Dans la grande et pénible attente de leur exode futur, les esclaves n’avaient contre la tyrannie d’autres ressources que la fuite. Après le commencement de la guerre, ceux qui avaient le courage de recourir à l’évasion et de quitter leurs familles pour s’exposer à la faim, au froid et à toutes les horreurs d’une chasse dont ils étaient eux-mêmes le gibier, avaient de plus qu’autrefois l’espoir de gagner peut-être les lignes fédérales ; mais ils n’étaient pas accueillis partout avec la même libéralité que dans les villes du Kansas et l’archipel de Beaufort. Plusieurs milliers d’entre eux étaient rendus gratuitement à leurs maîtres ou troqués contre des balles de coton, ou bien abandonnés à leur malheureux sort lorsque l’armée exécutait un mouvement d’attaque ou de retraite. Les noirs avaient été si souvent trompés dans leur confiance, qu’ils osaient à peine croire aux rumeurs de liberté qui leur parvenaient sourdement. Enfin la proclamation présidentielle qui les déclarait tous libres vint dissiper leurs doutes.
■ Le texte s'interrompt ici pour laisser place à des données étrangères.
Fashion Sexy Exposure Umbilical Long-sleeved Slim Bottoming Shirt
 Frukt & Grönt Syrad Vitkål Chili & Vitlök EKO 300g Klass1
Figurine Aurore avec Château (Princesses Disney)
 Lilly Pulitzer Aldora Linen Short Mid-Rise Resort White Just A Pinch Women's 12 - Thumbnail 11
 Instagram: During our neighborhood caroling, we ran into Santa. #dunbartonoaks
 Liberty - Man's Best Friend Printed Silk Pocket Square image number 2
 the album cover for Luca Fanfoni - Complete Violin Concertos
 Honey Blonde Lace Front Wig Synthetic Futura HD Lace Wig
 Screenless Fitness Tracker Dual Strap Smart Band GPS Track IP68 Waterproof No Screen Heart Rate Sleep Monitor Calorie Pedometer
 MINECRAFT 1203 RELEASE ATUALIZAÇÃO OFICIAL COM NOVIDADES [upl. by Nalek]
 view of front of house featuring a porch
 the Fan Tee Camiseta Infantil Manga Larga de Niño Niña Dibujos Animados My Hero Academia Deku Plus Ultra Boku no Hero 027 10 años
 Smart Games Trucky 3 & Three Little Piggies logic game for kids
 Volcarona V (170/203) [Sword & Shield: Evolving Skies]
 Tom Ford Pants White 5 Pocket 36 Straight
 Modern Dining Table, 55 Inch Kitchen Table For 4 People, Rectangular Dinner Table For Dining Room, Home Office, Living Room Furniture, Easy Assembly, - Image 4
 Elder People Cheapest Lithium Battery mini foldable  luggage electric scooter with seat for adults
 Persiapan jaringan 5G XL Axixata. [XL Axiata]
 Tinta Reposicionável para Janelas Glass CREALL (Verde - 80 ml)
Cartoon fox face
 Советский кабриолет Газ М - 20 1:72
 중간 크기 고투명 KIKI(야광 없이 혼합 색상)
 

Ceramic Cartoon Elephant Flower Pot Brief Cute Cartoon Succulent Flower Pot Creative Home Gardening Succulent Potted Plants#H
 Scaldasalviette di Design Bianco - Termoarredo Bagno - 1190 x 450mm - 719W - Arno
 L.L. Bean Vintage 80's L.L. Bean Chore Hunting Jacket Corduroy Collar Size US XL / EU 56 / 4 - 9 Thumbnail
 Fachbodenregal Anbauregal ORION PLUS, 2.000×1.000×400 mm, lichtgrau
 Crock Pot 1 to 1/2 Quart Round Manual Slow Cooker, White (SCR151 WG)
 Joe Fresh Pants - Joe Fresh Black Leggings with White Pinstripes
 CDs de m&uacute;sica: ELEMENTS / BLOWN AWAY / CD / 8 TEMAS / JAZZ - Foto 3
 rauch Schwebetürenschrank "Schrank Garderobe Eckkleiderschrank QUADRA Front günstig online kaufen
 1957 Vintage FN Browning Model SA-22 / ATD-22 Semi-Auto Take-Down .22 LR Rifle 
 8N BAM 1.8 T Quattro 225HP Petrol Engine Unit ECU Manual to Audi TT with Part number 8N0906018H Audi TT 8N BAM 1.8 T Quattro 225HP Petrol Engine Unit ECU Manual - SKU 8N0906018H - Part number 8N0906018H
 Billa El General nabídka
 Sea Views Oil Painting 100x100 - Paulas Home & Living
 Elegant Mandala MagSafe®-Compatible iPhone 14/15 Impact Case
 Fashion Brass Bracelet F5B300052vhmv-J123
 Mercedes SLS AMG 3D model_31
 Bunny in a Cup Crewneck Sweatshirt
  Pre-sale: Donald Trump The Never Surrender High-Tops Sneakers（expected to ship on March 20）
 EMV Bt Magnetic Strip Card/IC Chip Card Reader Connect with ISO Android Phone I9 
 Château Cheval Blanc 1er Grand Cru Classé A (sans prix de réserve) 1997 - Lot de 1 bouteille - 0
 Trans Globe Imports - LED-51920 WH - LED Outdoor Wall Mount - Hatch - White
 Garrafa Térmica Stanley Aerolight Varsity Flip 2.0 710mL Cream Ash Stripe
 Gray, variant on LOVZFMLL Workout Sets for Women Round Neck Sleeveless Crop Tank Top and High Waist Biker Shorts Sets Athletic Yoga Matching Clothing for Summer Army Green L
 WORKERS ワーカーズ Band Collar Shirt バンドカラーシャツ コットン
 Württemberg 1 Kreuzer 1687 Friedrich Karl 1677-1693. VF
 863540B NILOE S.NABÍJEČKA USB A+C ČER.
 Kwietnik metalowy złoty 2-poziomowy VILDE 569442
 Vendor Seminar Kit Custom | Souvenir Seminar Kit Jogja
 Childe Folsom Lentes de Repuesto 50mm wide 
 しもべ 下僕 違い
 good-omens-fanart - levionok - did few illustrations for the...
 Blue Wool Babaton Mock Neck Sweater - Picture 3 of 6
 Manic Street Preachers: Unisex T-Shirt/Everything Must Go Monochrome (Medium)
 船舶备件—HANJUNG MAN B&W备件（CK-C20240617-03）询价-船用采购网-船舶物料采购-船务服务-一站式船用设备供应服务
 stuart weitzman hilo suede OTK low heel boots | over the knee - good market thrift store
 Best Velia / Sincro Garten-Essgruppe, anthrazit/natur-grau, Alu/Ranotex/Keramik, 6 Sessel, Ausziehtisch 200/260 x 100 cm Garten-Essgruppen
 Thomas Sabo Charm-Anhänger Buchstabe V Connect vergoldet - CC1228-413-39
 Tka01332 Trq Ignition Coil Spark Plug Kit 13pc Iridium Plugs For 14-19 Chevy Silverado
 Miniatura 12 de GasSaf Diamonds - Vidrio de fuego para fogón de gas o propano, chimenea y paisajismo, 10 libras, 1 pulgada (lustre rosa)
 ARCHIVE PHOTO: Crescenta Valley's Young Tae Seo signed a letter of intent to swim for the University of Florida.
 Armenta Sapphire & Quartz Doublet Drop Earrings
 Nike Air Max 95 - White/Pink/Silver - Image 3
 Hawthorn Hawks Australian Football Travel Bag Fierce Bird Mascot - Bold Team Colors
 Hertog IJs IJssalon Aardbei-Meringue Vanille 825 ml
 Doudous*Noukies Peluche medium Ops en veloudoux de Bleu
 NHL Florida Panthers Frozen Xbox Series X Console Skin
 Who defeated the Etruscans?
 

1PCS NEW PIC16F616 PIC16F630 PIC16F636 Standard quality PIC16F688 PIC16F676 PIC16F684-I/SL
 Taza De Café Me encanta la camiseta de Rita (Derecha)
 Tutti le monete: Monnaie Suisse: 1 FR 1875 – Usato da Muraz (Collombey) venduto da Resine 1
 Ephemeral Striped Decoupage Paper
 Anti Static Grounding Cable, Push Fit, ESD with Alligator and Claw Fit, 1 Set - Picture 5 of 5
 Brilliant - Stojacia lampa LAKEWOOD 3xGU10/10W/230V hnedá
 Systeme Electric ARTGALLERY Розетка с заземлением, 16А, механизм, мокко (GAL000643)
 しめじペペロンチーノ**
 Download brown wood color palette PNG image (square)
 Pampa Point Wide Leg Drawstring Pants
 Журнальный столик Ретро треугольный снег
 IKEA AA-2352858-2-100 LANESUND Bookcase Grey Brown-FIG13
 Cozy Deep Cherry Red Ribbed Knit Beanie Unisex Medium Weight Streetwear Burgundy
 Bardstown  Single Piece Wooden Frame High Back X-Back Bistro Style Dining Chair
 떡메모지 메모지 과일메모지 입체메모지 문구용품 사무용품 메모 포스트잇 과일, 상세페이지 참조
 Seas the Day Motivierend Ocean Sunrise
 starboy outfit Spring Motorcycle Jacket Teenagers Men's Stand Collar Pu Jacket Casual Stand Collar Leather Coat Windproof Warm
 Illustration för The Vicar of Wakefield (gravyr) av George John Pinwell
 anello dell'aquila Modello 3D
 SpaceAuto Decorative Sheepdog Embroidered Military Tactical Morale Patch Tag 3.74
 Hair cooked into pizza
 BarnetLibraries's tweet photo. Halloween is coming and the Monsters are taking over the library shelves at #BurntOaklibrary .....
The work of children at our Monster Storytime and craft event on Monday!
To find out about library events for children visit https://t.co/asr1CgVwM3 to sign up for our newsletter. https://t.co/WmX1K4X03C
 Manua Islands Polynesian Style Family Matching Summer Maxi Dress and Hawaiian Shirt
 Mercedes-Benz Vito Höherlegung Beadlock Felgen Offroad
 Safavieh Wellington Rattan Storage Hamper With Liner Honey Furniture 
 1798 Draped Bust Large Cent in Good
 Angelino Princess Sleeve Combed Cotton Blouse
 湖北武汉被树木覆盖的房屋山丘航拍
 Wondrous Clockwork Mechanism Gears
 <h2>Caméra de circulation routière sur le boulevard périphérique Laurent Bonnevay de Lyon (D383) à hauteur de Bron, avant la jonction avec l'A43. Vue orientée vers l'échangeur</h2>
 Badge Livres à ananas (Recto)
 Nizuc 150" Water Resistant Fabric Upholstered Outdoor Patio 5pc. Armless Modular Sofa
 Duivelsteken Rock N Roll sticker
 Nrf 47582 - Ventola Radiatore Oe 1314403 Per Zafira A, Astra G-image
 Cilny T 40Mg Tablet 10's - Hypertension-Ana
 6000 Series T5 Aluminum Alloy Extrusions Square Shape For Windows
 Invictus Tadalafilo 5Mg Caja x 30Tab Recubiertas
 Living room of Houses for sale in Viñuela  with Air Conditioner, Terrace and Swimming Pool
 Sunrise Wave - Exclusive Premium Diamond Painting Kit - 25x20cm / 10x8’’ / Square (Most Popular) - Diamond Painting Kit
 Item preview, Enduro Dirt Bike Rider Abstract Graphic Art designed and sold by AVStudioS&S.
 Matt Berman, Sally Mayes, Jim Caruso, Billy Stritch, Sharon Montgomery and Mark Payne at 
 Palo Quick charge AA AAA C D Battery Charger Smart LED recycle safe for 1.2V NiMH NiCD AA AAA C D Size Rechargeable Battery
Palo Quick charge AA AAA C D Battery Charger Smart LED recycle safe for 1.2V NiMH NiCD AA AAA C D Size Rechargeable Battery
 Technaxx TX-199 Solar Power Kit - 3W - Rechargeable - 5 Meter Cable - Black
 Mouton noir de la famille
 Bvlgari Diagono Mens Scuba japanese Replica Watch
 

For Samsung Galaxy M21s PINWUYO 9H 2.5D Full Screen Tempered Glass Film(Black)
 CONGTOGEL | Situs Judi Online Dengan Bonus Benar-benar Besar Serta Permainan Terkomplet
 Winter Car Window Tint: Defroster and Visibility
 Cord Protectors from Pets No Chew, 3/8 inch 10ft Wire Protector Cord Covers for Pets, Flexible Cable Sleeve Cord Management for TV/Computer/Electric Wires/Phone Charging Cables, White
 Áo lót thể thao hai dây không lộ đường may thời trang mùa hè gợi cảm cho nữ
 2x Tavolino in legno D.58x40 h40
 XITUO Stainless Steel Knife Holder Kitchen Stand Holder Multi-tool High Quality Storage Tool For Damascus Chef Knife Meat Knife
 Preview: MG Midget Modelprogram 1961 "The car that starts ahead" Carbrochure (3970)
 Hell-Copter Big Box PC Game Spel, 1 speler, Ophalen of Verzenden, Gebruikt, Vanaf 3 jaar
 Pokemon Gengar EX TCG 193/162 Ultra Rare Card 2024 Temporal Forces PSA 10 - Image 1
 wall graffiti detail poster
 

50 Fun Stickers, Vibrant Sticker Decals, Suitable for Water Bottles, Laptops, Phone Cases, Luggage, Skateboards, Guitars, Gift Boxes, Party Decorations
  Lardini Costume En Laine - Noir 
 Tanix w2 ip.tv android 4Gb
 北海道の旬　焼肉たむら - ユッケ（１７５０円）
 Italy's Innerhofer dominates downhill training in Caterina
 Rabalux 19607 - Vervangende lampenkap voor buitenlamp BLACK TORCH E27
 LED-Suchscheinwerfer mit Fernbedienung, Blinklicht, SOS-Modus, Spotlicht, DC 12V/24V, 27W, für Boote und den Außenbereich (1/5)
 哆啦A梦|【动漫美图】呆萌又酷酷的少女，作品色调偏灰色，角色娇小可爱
Quelques jours après avoir été lancée, cette proclamation était déjà connue et répétée de bouche en bouche dans les lointaines plantations du Texas et de l’Alabama : tous les nègres la savaient par cœur. C’est merveille que la rapidité avec laquelle les populations esclaves sont instruites de ce qui les intéresse. En pénétrant dans la Floride avec la première compagnie fédérale, un missionnaire du nord pria une jeune négresse de chanter. Aussitôt elle entonna l’hymne de John Brown, et toutes ses compagnes unirent leurs voix à la sienne. Ainsi, dans l’espace de quelques semaines, ce chant de liberté avait déjà retenti sur toutes les plantations du sud, depuis le Kansas jusqu’au détroit des Bahamas.

Tous les esclaves américains, pénétrés de cette foi naïve qui leur fait appliquer à leur propre destinée les récits du Pentateuque consacrés au peuple juif, ont accueilli la proclamation du président comme la parole d’un autre Josué annonçant la découverte d’une terre promise[1]. Cette parole libératrice, qu’ils ont entendue par je ne

  1. Par une coïncidence remarquable, une prophétie qui depuis longtemps avait grand cours dans le sud fixait l’ère de la liberté à l’année 1862.